15 min readMay 1, 2017

La plupart des prairies dans le monde résultent d’activités d’élevage d’herbivores domestiques qui évitent ainsi le développement de successions ligneuses. La dynamique de ces écosystèmes est donc marquée par les modes de gestion liés aux différents systèmes d’élevage. Les prairies représentent 40% de la SAU en Europe ; elles font vivre 5,4 millions d’agriculteurs en hébergeant 78 millions d’UGB ; et elles représentent environ 25% de la production agricole de l’UE. Elles restent donc une source essentielle de production de denrées alimentaires, même si la pression des marchés et des politiques font chuter fortement leur surface.

Les prairies, source de diversité dans les systèmes agricoles

Le but essentiel du développement agricole au vingtième siècle a été de nourrir une population humaine croissante. Ainsi la transformation de la ressource fourragère des prairies en produits animaux a été l’objectif principal des agronomes. Aujourd’hui, l’enjeu du développement agricole durable impose que les prairies soient étudiées aussi comme composante des modes d’occupation des sols, en conjonction avec les forêts et les surfaces cultivées, pour leurs effets sur la régulation des cycles bio-géochimiques, le contrôle des flux environnementaux vers l’atmosphère et l’hydrosphère et la préservation de la biodiversité. Partout dans le monde l’intensification de la production agricole a été combinée à une simplification des systèmes de production à toutes les échelles d’organisation : la parcelle, l’exploitation, les territoires et les régions, ce qui aboutit à des impacts environnementaux qui ne sont plus admis par les sociétés humaines avec des conséquences sur la contamination des eaux, les émissions de gaz à effet de serre, l’érosion et la contamination des sols, la perte de biodiversité, et la dégradation des paysages.

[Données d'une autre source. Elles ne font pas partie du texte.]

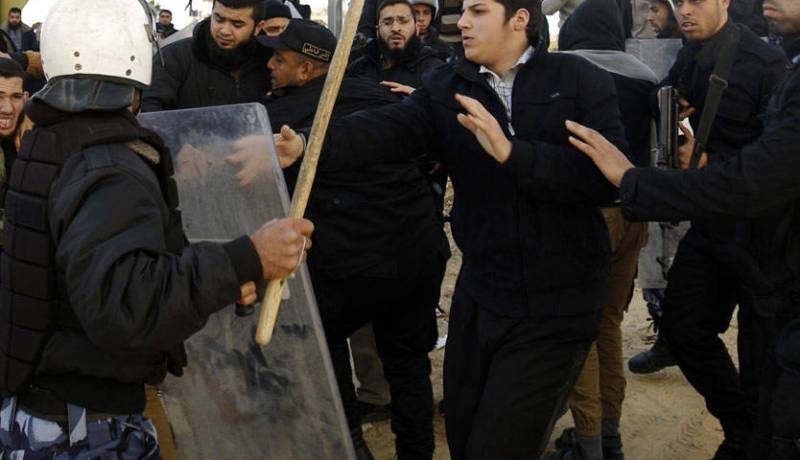 أنصار الجهاديين في غزة ينظمون إحتجاجا مناهضا لفرنسا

Un nouveau paradigme pour l’agriculture

Un nouveau paradigme doit être proposé pour dénouer cette contradiction entre la nécessité d’augmenter la production agricole mondiale et l’urgence qu’il y a de préserver et de restaurer un environnement acceptable pour les sociétés humaines. On peut penser que les impacts de l’agriculture moderne sont davantage liés au manque de diversité des systèmes agricoles qu’à leur trop forte productivité. L’antagonisme entre production et environnement ne serait donc qu’apparent si on parvenait à rompre le lien historique entre intensification et uniformisation. A ce titre, les prairies pourraient être considérées comme une source de diversité au sein des agro-systèmes. Pour cela les prairies ne doivent plus être « confinées » aux zones non ou difficilement cultivables mais redevenir partie intégrante des systèmes de production agricoles intensifs dans le cadre d’une plus grande intégration entre Agriculture et Elevage aux échelles locales et régionales.

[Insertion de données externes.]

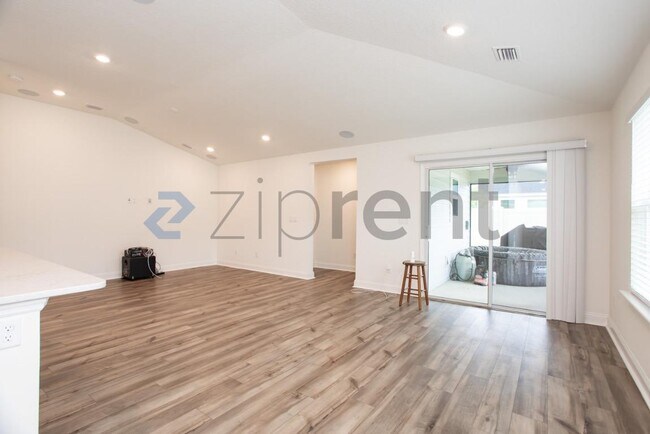 Building Photo - Unit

Les prairies et la régulation des cycles bio-géochimiques

Du fait d’une activité photosynthétique continue et d’interactions constantes entre la végétation et les communautés microbiennes du sol, les prairies possèdent des capacités intrinsèques (i) de séquestration du CO2 atmosphérique dans la matière organique du sol et (ii) de couplage entre les cycles de C et de N qui évite l’accumulation d’azote minéral dans le sol et les risques d’émissions atmosphériques de protyxyde d’azote (N2O) et de lixiviation du nitrate (NO3-). Ainsi la prairie permettrait de contrebalancer les impacts environnementaux liés à l’intensification des systèmes de culture annuels.

Trois questions se posent alors :

(i) Ces effets « prairie » bénéfiques peuvent-ils être évalués quantitativement ?

(ii) Résistent-ils à l’intensification de l’utilisation des prairies ?

(iii) Quels modes de gestion pour un compromis entre production et environnement ?

Le système d’expérimentation SOERE-ACBB http://www.soere-acbb.com/index.php/fr/ (sites de Lusignan et Theix-Laqueuille) a été conçu et est spécifiquement équipé pour évaluer l’effet de la gestion de la prairie sur le stockage/déstockage de C, l’émission de N2O par le sol, les flux hydriques et leur qualité vers les nappes. Les premiers résultats montrent que l’accumulation annuelle de C dans le sol des prairies naturelles pâturées en demi-montagne (Laqueuille) est peu différente selon leur niveau d’intensification (fertilisation + chargement) : 200 vs 191 g C m-2 an-1 en régime intensif et extensif, respectivement. Pour des prairies temporaires intensives à Lusignan (Figure 1) l’accumulation de carbone est plus faible en fauche qu’au pâturage. L’assimilation photosynthétique brute de CO2 est comparable entre les deux modes d’exploitation mais la respiration plus élevée de la parcelle pâturée conduit à un flux net d’assimilation du CO2 plus faible. Néanmoins au pâturage, la quantité de carbone ingérée par les herbivores est plus faible que celle récoltée en fauche et exportée de la parcelle sous forme de foin. Ces résultats obtenus en termes de flux devront être corroborées par l’analyse de l’évolution des stocks sur un pas de temps plus important.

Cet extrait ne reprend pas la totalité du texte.